---------- The records
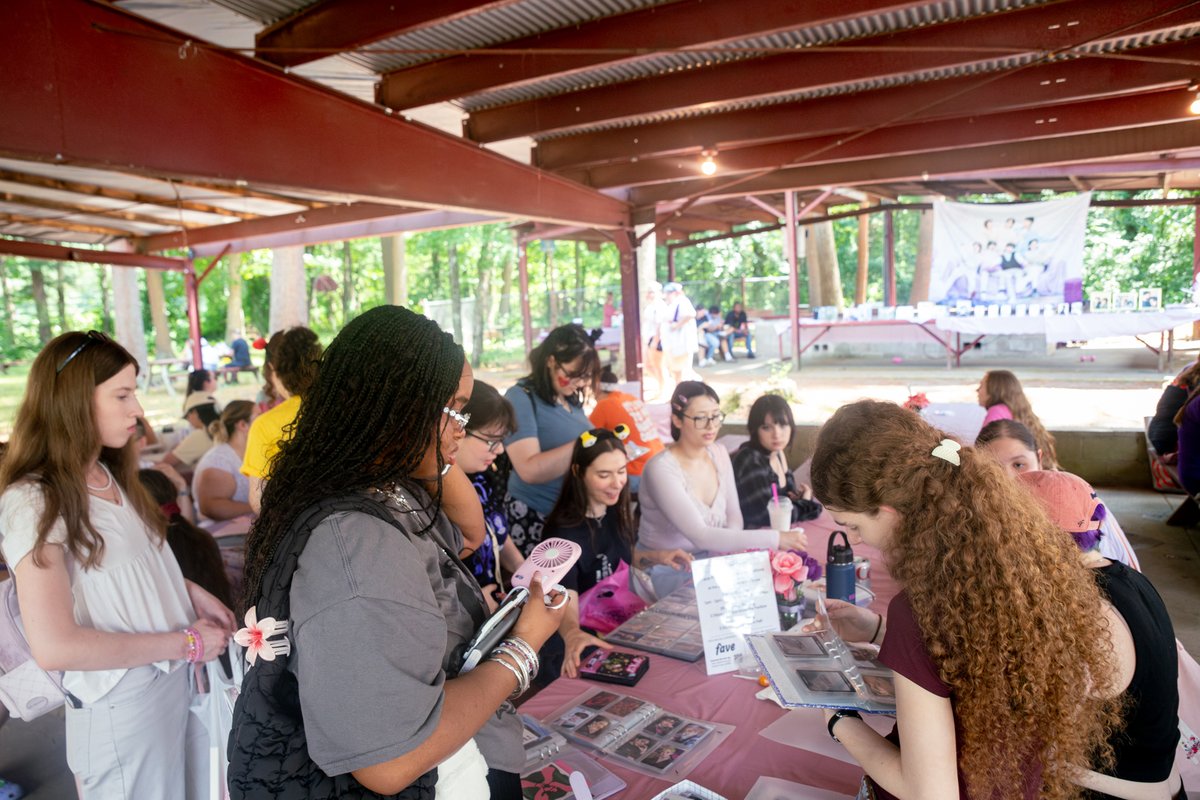 ❄ #FestaFair2024 🌸 ~ PHOTOS by mariamataphoto IG

Check out these gorgeous photos 🤩 by Maria Mata who volunteered her talents to capture so many special moments

See all her pics at drive.google.com/drive/folders/…

📷 We wanna see more of your photos too! Tag us &amp; share your fave pics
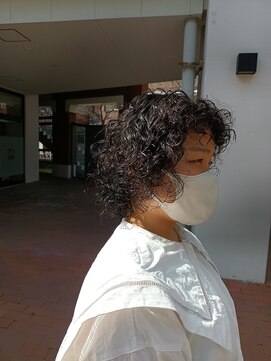 ヘア ニニ(Hair 22) くるくる天使パーマ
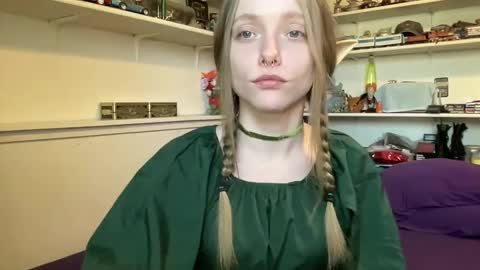 Snapshot of xxloveanastasia chatting on September 18, 5:33 pm LoveAnastasia online show from September 18, 5:33 pm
--------------------
Each line with "pics" in it must be identified and copied from the material.

▸ **Answer below**:
See all her pics at drive.google.com/drive/folders/…
📷 We wanna see more of your photos too! Tag us &amp; share your fave pics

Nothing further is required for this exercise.